Associate Instructor David Blouin's sociology students step into a lecture hall and instantly become real sociologists who research and reach their own conclusions, but they don't stay in the classroom long. Blouin's innovative service-learning courses require student sociologists to spend 30 hours volunteering in the community.

"David Blouin is the poster child for teaching sociology in a way that benefits the community in practical ways while enriching the lives of students through service," says Thomas F. Gieryn, Rudy Professor and chair of the IU Bloomington Department of Sociology.

Blouin merges his passion for teaching through service learning with his sociological research on human-animal relations. He challenged his students to design a survey that would assess pet owners' attitudes toward and relationships with their animals for the Monroe County Humane Association. The students collected, entered, and analyzed data, providing most students with their first opportunity to do in-depth research. "His students from Day One were charged with doing sociological research—a refreshing change from reading about what others have discovered," Gieryn continues. The information collected from almost 600 local pet owners benefited not just Bloomington residents, but also their dogs and cats.

Dedicated to improving his teaching methods, Blouin conducts his own research on teaching and learning. His students are required to evaluate and critique course readings and lectures on quizzes and exams. "In my teaching I strive to pass on the wonder of the sociological perspective as well as the practical tools it provides," Blouin says.

Blouin consistently receives high marks from students for his organization, enthusiasm, preparedness, and ability to encourage discussion.
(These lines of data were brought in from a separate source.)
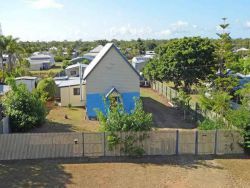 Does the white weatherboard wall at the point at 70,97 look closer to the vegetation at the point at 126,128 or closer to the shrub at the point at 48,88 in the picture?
the shrub at the point at 48,88

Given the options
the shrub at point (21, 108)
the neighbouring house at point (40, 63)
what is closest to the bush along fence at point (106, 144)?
the shrub at point (21, 108)

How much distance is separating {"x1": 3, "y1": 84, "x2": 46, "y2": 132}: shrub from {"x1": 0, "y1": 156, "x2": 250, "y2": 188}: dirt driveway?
20.1ft

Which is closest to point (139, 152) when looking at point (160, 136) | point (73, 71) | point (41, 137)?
point (160, 136)

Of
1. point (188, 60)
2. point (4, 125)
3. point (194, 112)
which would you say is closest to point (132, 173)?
point (4, 125)

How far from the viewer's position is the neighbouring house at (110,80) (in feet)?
103

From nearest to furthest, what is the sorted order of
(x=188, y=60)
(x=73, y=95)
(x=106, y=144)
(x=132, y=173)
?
(x=132, y=173) < (x=106, y=144) < (x=73, y=95) < (x=188, y=60)

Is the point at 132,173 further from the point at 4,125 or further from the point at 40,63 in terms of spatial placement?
the point at 40,63

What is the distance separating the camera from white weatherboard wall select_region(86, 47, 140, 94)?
3150 cm

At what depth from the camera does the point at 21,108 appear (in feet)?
84.0

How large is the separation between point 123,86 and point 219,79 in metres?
12.4

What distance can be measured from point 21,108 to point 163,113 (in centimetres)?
1517

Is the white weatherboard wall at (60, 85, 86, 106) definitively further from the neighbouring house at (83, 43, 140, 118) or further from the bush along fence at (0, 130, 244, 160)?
the bush along fence at (0, 130, 244, 160)

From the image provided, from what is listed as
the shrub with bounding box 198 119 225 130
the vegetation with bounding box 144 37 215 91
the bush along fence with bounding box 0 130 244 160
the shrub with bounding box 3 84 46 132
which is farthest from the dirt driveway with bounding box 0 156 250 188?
the vegetation with bounding box 144 37 215 91

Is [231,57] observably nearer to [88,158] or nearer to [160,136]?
[160,136] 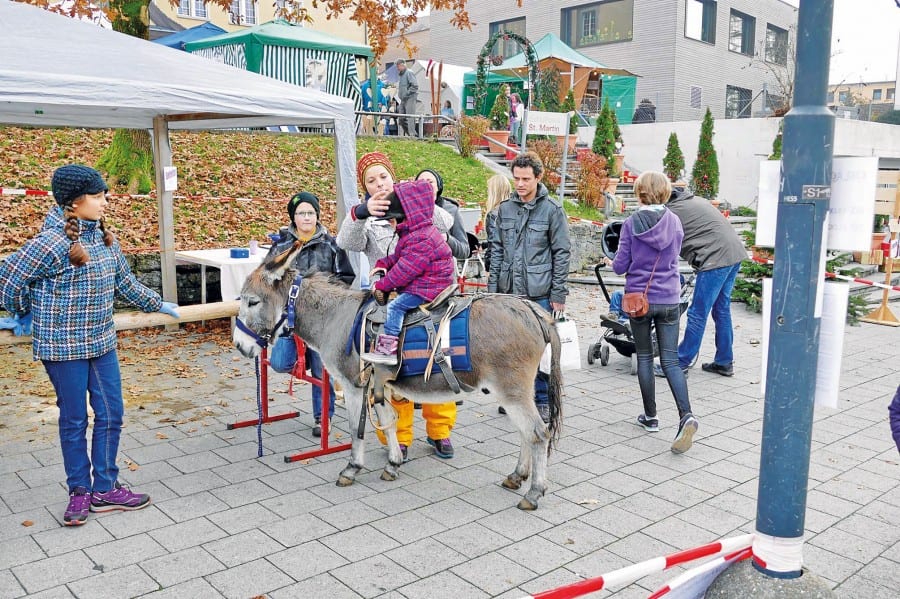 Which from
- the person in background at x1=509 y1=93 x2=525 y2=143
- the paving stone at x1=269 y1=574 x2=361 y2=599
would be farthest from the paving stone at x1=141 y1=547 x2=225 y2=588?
the person in background at x1=509 y1=93 x2=525 y2=143

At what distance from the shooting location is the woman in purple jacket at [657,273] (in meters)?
5.64

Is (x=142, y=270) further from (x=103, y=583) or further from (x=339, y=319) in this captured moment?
(x=103, y=583)

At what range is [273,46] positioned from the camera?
17891 mm

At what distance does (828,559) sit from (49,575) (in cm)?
395

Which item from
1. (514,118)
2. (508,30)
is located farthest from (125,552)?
(508,30)

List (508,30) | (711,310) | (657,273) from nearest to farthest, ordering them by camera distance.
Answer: (657,273) → (711,310) → (508,30)

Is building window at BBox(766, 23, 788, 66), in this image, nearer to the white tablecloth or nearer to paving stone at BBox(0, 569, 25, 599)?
the white tablecloth

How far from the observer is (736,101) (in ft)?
121

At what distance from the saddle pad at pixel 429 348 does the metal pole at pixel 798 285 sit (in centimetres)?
198

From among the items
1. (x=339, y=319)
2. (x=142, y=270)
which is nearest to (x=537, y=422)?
(x=339, y=319)

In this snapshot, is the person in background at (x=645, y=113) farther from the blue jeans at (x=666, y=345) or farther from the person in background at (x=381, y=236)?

Bernice Pescosolido, Distinguished and Chancellor's Professor of Sociology, says that a review of his course materials "reveals all of the hallmarks of excellence -- organization, rigor, and enthusiasm."
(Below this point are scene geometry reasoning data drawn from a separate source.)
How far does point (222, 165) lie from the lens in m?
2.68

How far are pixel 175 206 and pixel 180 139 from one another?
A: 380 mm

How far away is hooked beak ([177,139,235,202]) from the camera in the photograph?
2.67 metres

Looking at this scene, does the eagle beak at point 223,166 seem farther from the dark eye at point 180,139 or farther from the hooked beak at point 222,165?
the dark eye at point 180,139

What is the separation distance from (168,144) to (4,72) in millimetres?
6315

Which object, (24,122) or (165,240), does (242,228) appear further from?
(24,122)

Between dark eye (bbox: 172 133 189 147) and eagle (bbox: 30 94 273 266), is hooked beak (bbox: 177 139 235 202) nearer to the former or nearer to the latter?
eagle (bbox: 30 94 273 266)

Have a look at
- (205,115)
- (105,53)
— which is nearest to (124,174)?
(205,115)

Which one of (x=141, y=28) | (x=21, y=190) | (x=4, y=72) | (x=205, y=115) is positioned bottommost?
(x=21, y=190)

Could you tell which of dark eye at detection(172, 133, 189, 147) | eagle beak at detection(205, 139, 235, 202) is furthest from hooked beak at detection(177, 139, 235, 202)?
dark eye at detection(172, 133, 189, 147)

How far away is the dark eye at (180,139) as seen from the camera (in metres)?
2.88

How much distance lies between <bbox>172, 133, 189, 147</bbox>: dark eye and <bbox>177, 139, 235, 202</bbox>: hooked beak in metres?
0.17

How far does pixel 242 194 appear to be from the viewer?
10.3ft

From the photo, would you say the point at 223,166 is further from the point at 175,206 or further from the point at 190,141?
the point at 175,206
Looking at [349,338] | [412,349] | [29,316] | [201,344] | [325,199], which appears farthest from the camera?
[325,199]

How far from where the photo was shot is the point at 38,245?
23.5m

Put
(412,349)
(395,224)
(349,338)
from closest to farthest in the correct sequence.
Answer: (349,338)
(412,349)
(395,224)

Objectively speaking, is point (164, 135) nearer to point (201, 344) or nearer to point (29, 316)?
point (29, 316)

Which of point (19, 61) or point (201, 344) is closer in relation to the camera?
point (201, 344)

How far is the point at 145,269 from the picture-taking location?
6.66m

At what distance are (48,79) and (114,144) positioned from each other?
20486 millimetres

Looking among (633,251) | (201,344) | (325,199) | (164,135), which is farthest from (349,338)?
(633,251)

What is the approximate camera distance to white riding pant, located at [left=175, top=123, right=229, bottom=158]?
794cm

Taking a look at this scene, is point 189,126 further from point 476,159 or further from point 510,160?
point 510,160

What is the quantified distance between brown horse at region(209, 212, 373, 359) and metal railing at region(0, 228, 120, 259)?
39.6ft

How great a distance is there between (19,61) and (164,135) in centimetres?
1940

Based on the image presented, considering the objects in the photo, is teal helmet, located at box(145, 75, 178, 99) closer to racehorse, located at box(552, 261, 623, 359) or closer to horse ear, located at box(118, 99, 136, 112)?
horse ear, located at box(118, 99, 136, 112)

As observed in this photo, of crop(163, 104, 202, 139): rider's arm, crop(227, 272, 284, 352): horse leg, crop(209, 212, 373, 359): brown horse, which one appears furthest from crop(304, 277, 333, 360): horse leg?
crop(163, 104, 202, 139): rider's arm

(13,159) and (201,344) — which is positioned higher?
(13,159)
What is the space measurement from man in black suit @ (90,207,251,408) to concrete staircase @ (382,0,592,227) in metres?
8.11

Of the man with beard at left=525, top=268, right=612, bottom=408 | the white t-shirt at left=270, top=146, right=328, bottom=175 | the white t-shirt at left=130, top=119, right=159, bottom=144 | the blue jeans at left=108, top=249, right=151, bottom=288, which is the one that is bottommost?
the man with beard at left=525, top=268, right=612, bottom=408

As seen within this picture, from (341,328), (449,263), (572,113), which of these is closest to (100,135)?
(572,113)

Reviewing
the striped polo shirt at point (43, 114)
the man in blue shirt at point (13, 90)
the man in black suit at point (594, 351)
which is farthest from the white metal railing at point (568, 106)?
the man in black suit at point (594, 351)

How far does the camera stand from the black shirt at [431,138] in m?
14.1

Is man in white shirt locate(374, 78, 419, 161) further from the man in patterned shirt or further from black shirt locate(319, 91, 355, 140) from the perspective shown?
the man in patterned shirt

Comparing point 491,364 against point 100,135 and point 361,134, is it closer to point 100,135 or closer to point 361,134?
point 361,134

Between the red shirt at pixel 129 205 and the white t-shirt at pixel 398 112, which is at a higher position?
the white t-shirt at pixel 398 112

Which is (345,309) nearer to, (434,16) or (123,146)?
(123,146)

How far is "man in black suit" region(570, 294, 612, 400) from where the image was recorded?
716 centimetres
On the first day of class, Blouin asks students for personal information and anecdotes, as well as their favorite movies, television shows, books, musicians, and topics they would like to discuss in class. He uses the students' responses to make sociology relevant to their interests. He often opens class with a discussion of relevant current events. One student evaluation said that he "always had stories to elaborate on the lecture materials, so concepts were easier to understand, remember, and apply."

Blouin's commitment to sociology research and teaching has not gone unnoticed. In 2007 the Indiana University Department of Sociology awarded him the Edwin H. Sutherland Award for Excellence and Commitment to Teaching. The American Sociological Association also recognized him with a SAGE and Pine Forge Teaching Innovations and Professional Development Award.

Blouin collaborated in 2007 with fellow graduate student Evelyn Perry to investigate the effects of service learning. Their thesis, Whom Does Service Learning Really Serve: Community Organizations' Perspectives on Service Learning, examined critical questions and helped ensure that service-learning programs helped both students and the community. Blouin and Perry won a Best Paper Award from the Society for the Study of Problems for the research project.

In spring 2007 Blouin planned and coordinated the Preparing Future Faculty Conference, an annual event co-sponsored by the University Graduate School. "Mr. Blouin's effort to host an outstanding conference provided an additional confirmation that he is dedicated to the advancement of teaching for himself and others," says James C. Wimbush, dean of the University Graduate School. More than 300 graduate students attended to learn more about preparing for academic careers.

Blouin's research and teaching style set him apart from others in his field. "This young man has chosen to dedicate his life to making sociology meaningful and useful," says Gieryn.